### Your instructions:
Gather every line from the entries below that includes "Close".

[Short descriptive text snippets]
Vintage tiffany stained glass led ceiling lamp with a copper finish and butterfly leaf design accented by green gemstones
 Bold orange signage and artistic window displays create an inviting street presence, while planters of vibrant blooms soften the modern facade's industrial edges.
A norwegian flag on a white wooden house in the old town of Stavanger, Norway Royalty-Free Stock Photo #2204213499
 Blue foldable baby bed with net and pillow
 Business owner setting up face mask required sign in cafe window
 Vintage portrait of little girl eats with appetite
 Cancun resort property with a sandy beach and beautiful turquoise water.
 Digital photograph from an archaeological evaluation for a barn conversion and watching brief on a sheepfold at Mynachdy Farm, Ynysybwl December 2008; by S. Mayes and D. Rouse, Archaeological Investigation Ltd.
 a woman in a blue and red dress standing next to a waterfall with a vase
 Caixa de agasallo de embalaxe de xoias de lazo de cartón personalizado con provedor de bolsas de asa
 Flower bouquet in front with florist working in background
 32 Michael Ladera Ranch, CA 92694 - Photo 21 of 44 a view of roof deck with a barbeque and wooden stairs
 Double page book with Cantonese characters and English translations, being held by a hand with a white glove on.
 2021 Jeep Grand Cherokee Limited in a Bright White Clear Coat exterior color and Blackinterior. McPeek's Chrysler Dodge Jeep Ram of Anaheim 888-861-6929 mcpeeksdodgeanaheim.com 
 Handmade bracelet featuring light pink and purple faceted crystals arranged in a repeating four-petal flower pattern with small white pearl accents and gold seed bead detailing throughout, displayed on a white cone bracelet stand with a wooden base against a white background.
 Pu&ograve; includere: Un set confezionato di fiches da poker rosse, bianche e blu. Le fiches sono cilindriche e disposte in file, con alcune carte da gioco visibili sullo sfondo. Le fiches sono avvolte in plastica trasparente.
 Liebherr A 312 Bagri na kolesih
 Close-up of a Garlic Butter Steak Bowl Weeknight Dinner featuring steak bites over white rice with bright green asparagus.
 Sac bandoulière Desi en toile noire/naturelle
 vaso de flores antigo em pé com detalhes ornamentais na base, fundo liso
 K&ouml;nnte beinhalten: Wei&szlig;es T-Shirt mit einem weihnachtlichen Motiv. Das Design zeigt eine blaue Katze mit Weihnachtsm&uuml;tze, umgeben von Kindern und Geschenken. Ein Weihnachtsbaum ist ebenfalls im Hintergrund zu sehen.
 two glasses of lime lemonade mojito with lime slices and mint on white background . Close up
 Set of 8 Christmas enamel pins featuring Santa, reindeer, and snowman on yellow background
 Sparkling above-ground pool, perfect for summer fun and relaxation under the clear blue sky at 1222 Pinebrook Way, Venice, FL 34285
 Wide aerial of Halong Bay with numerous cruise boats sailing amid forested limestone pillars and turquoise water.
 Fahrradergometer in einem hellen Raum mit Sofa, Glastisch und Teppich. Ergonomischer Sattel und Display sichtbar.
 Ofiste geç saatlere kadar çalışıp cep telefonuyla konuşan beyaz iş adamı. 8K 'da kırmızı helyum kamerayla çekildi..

### Answer space:
 Close-up of a Garlic Butter Steak Bowl Weeknight Dinner featuring steak bites over white rice with bright green asparagus.
 two glasses of lime lemonade mojito with lime slices and mint on white background . Close up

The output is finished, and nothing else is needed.